Worker Nodes
Worker nodes can be manually added or removed from provisioned and managed clusters. Watch a video showcasing how worker nodes can be Added and Removed from a managed Kubernetes cluster.
Manually Provisioned Clusters¶
For manually provisioned clusters, the controller does not have the ability to provision or deprovision VMs/instances on the infrastructure.
Supported Environments¶
Ensure you have reviewed the supported environments before proceeding.
Important
Both Windows and Linux-arm64 based worker nodes can be added during cluster provisioning, as long as there is at least one Linux-amd64 based master/worker node already provisioned
Add Worker Nodes¶
- Create required VMs or instances
- Login into the Web Console
- Select the cluster and click on nodes
- Click "Add Node" and Follow the Node Installation Instructions to install the bootstrap agent on the VM
- Configure and approve the node so that it can be joined as a worker node to the cluster.
Users can optionally enable "auto approval" for new worker nodes to join the cluster. To do this, enable the auto approval "toggle" in the cluster detail page as shown in the screenshot below.
- Click on "Provision" and confirm to start adding this node as a worker node to the existing cluster
- Once the node is provisioned, it will join the cluster with the worker role
Auto Provisioned Clusters¶
For "auto provisioned" clusters, the controller will automatically provision the necessary instances for the worker nodes. For manually provisioned clusters, customers need to run the bootstrap agent (conjurer) to attach it to the cluster.
Add Worker Nodes¶
- Login into the Web Console
- Select the cluster and click on Nodes tab. Here you can view a visual representation displaying the count of nodes categorized by their respective statuses and k8s version of each node (highlighted in different colors)
- Click on "Add Nodes" and follow the Node Installation Instructions to install the bootstrap agent on the VM
Once the new nodes are added, the initial status of a new node before approval is Discovered. Enabling the auto-approval option will change the node status to Approved (as depicted below). Conversely, with the option disabled, the node status will remain as Discovered.

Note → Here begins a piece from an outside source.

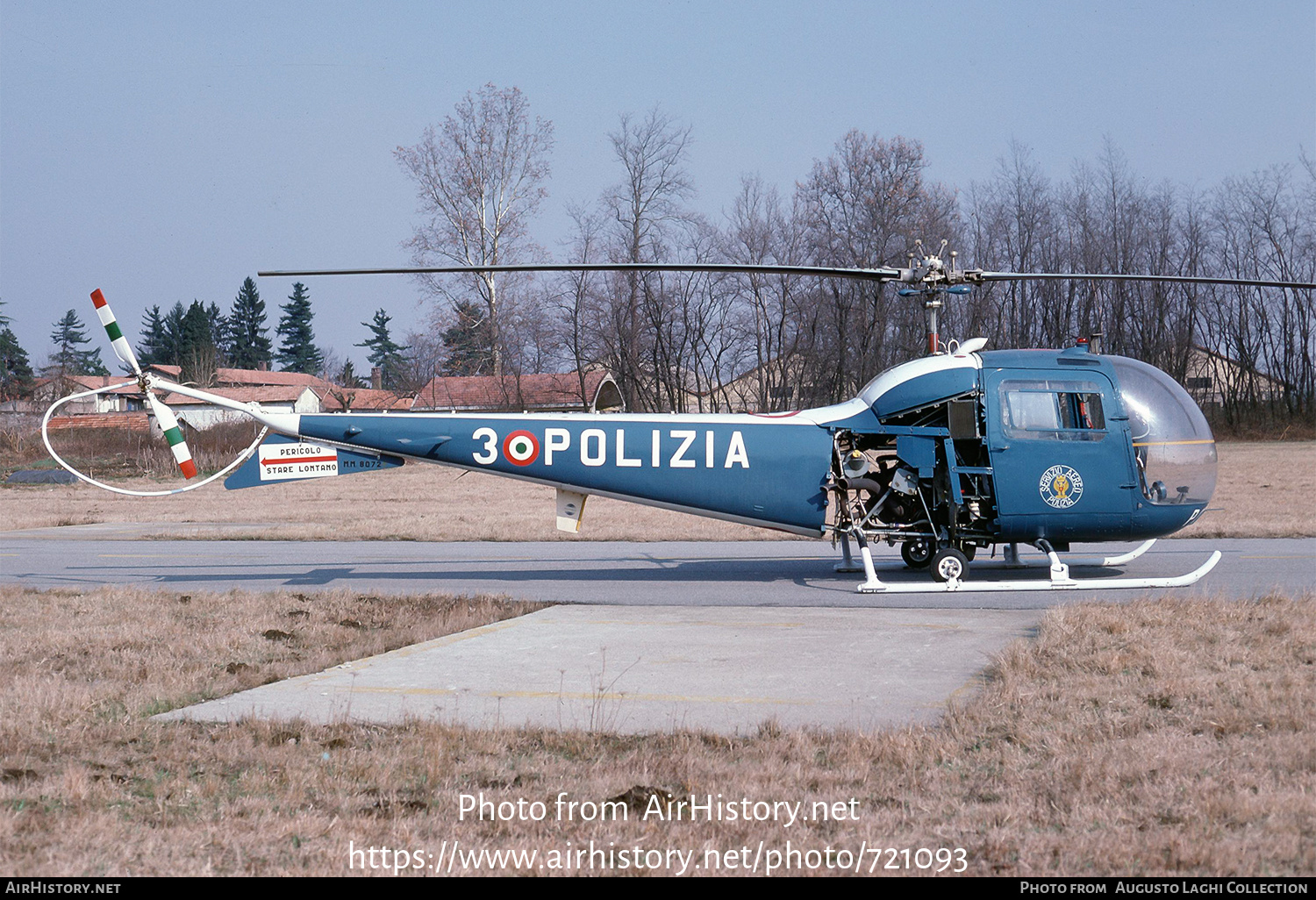 Aircraft Photo of MM80728 | Agusta AB-47J-3 Ranger | Italy - Polizia | AirHistory.net #721093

- Click Provision Approved/Failed Nodes button to provision all the Approved/ Provision Failed / Pretest Failed worker nodes simultaneously
Important
If the approval process fails for a node, it is automatically retried when an add operation is triggered for another node, with failures typically caused by connectivity issues
You can view the list of nodes that are ready for provisioning.
- Click Continue
Now you can see the provisioning status as show below
Important
It can take approximately 5 minutes for new worker nodes to become available because of the time required to instantiate new instances.

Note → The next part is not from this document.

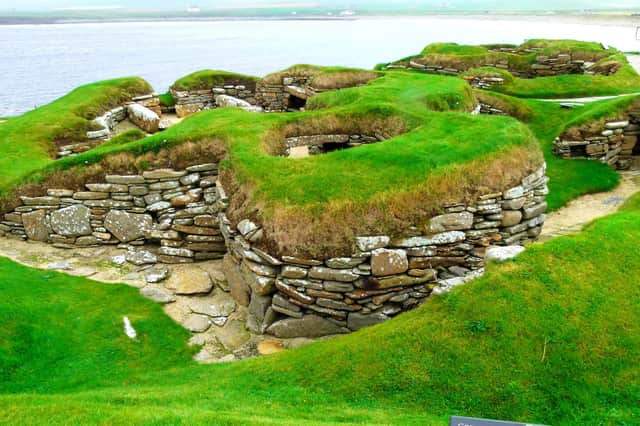 Skara Brae on Orkney. People lived at the Neolithic settlement from around 3,250 BC.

Once the worker nodes are successfully provisioned, the status changes to Ready
When all nodes have been provisioned, and there are no pending nodes for provisioning, the Provision Approved/Failed Nodes button will not be available on this page.

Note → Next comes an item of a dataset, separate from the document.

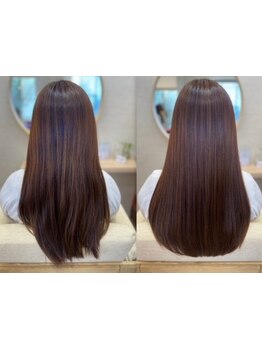 エイジングケアメニュー『髪セレブ』で叶う圧倒的な艶と手触り♪大人女性の悩みを解消し理想の美髪へ◎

If a cluster provisioning is ongoing with 10 nodes (1 Master and 9 workers) and some worker nodes encounter provisioning failures, re-triggering the process will exclusively address those specific workers that had issues before. This behavior applies specifically to Day 0 scenarios involving worker node provisioning failures and does not extend to cases where Master Node Provisioning fails, especially in a High Availability (HA) setup with multiple master nodes.
Cordon/Uncordon UX
Cordon/Uncordon/Drain Nodes¶
Management of node scheduling through the controller UI allows the users to quickly change the status of worker nodes:
- Click the ellipsis button of a specific node
- To mark node(s) as unschedulable, select Cordon and Yes
- To mark the node(s) as schedulable again, allowing new pods to be assigned to it, select Uncordon and click Yes
- To drain the node and remove all the running pods, select Drain and click Yes
Refer to this page for instructions on how to cordon, drain, or uncordon via the CLI and this page for instructions on how to cordon, drain, or uncordon via the API.
Delete Worker Nodes¶
- Select the cluster and click on Nodes tab
- Click the ellipsis button next to the node you want to delete
- Click Delete and Yes to confirm the deletion
Once the process is kicked off, the controller will perform the following steps automatically
- Drain the node by rescheduling pods on other nodes
- Terminate the instance on AWS
- Remove the instance from AWS
Important
For manually provisioned clusters, it is the customer's responsibility to deprovision the VM or Instance after deleting the worker node from the cluster.
Reboot K8s Worker Nodes¶
Perform the below steps to reboot the worker nodes:
- Mark the node as unschedulable by running the command
kubectl cordon <node1>
- Drain the node to remove all running pods, excluding daemonset pods
kubectl drain <node1> --ignore-daemonsets
- Restart the cordoned node
- Once the reboot is complete, ensure that the kubelet and container runtime engine are up and running. Verify the node's readiness by running the below command
kubectl get node
- Uncordon the node using the below command
kubectl uncordon <node1>